Elasticsearch Development

From Archivematica
Revision as of 12:24, 15 February 2019 by Jraddaoui (talk | contribs)
(diff) ← Older revision | Latest revision (diff) | Newer revision → (diff)
Jump to navigation Jump to search

From Archivematica 0.9, AIP package information, such as METS data, is indexed using Elasticsearch (ES). This data can be searched from the Archival Storage area of the dashboard or can be interfaced with programmatically. For Elasticsearch administration information, such as how to delete an Elasticsearch index, please reference the administrator manual.

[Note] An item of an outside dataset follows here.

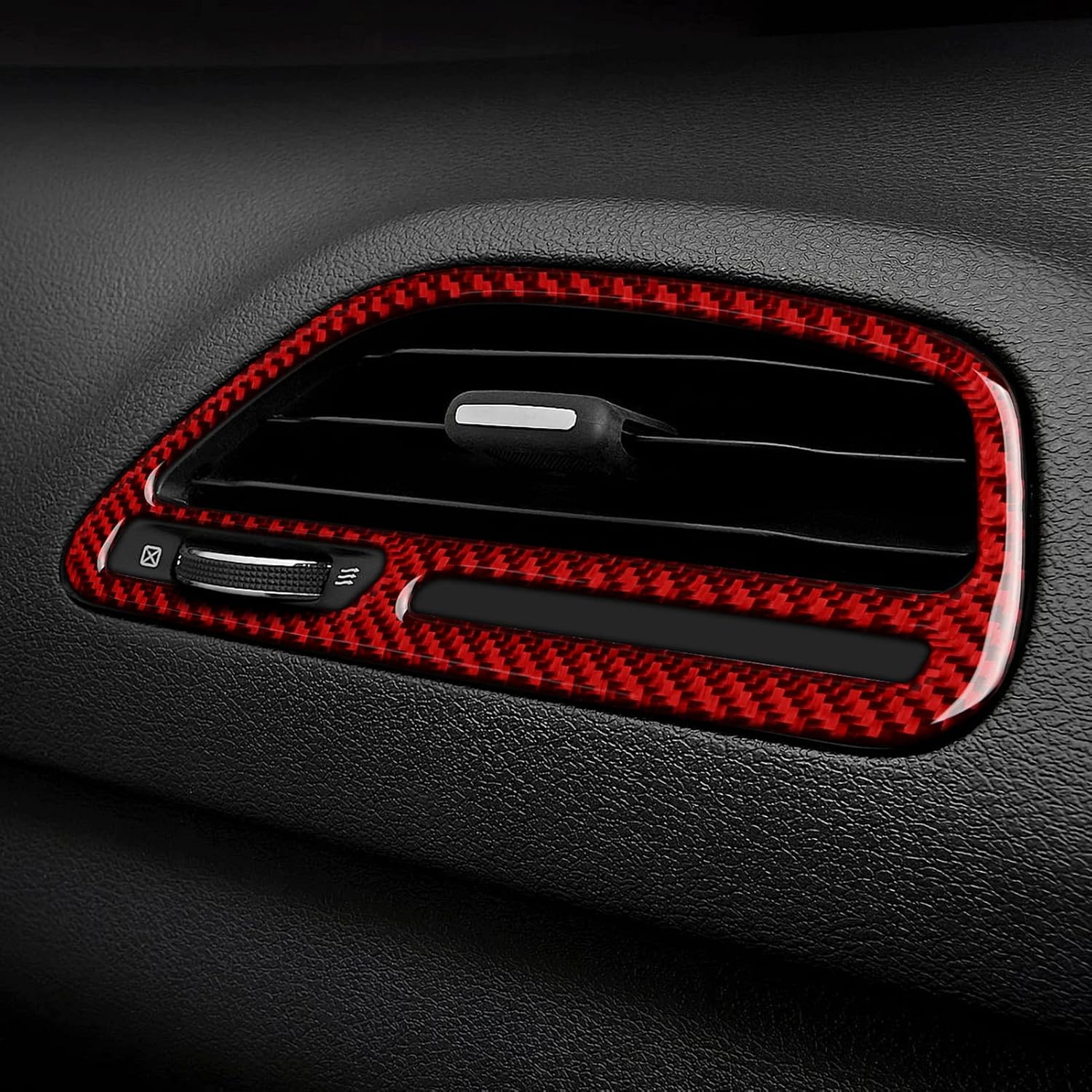 Calcomanías de ventilación de salida de aire acondicionado para automóvil Dodge Challenger 2015-2023, calcomanías de fibra de carbono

NB. From Archivematica 1.7.0, users are given the option of whether to index information using Elasticsearch, and so the information below might not work. It will be dependant on how your Archivematica instance has been configured.

NB. In Archivematica 1.9.0, the Elasticsearch version support has been upgraded from ES 1.x to the 6.x version. Check this page if you're running that Archivematica version or higher.

Programmatic Access to indexed AIP data

To access indexed AIP data using a custom script or application, find an Elasticsearch API (Application Programming Interface) library for the programming language you are most comfortable with. In Archivematica we use Python with the Elasticsearch supported library. In our developer documentation, we will demonstrate how to use this and Python to access AIP data, but any programming language, such as PHP and Elastica, should work.

A list of officially supported and community supported libraries can be found on the Elasticsearch website.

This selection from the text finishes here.